As embodiment, the data set in UCI machine learning databases is chosen, each data set is randomly selected as training Sample set and test sample collection, training sample accounts for 50%, and test sample collection accounts for 50%.Bagging is used on training sample set Method extracts training sample subset, substantial amounts of decision tree classifier is generated, as original Random Forest model.

On this basis, the method step of the Random Forest model selection based on confusion matrix that this patent is proposed is carried out Suddenly, using original random forest as input, and similarity threshold and classification accuracy threshold value are preset.
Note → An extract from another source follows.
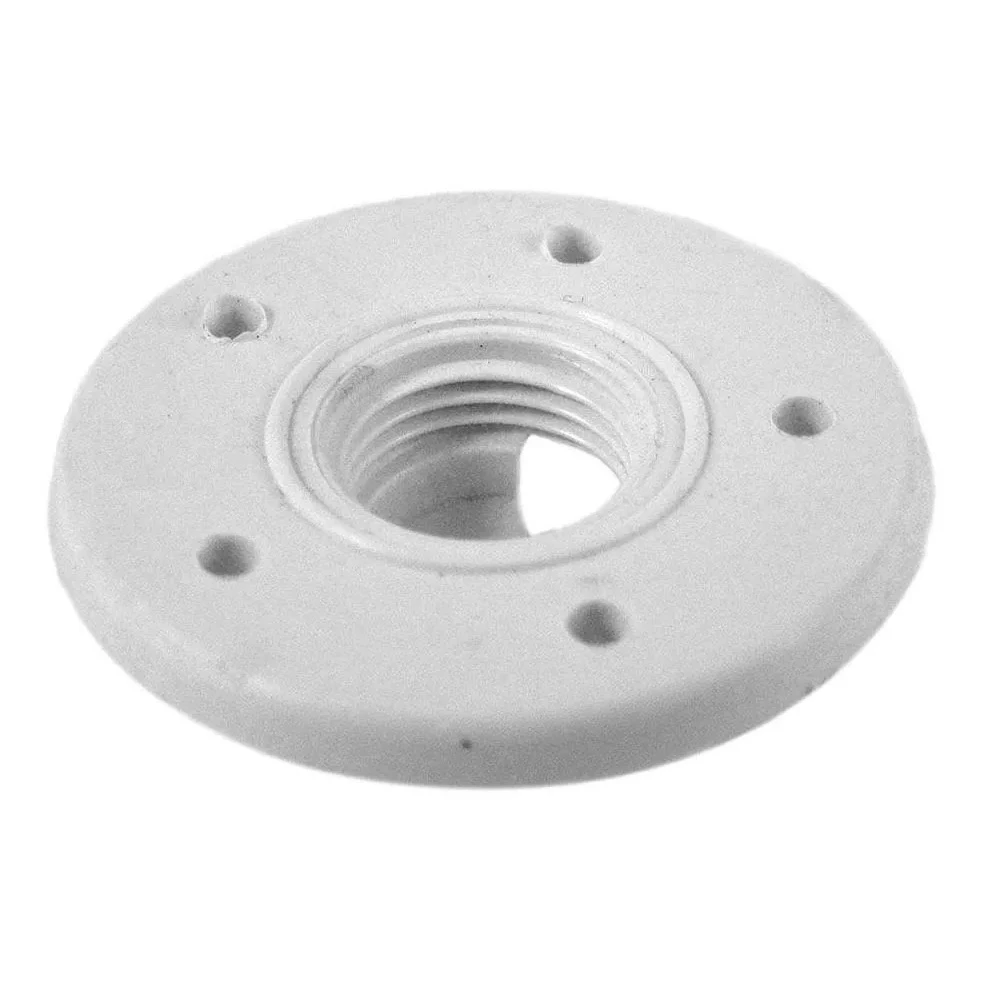 Flange de Nylon p/ Viveiro e Popa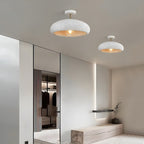 NovaLume Halo Ceiling Light With Speckled Finish Texture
Proposed method and step is carried out in test sample collection, the random forest mould selected through model is ultimately generated Type.

Claims

1. a kind of Random Forest model system of selection based on confusion matrix, comprises the following steps：

A. to train the decision tree for obtaining as original random forest, each decision tree is classified in test sample collection, is obtained The confusion matrix of each decision tree classification result, and matrix is normalized according to number of samples of all categories；

B. it is poor two-by-two by the confusion matrix to decision tree in random forest, obtain any two decision trees in random forest Matrix of differences.Using the F norms of matrix of differences as the similarity measurement of two decision trees, as element random forest is set up Diversity measure matrix, matrix element is the similarity measure values of two decision trees involved by the element；

C. according to order from small to large, the element for being not more than similarity threshold in Diversity measure matrix is traveled through；Investigate this yuan The classification accuracy size of the decision tree involved by element：The decision tree is deleted if less than classification accuracy threshold value, by the decision-making The all elements zero setting on matrix ranks that tree is located, otherwise retains the decision tree；

D. the decision tree finally by representated by Diversity measure nonzeros is integrated into new random forest, completes The model of random forest is selected.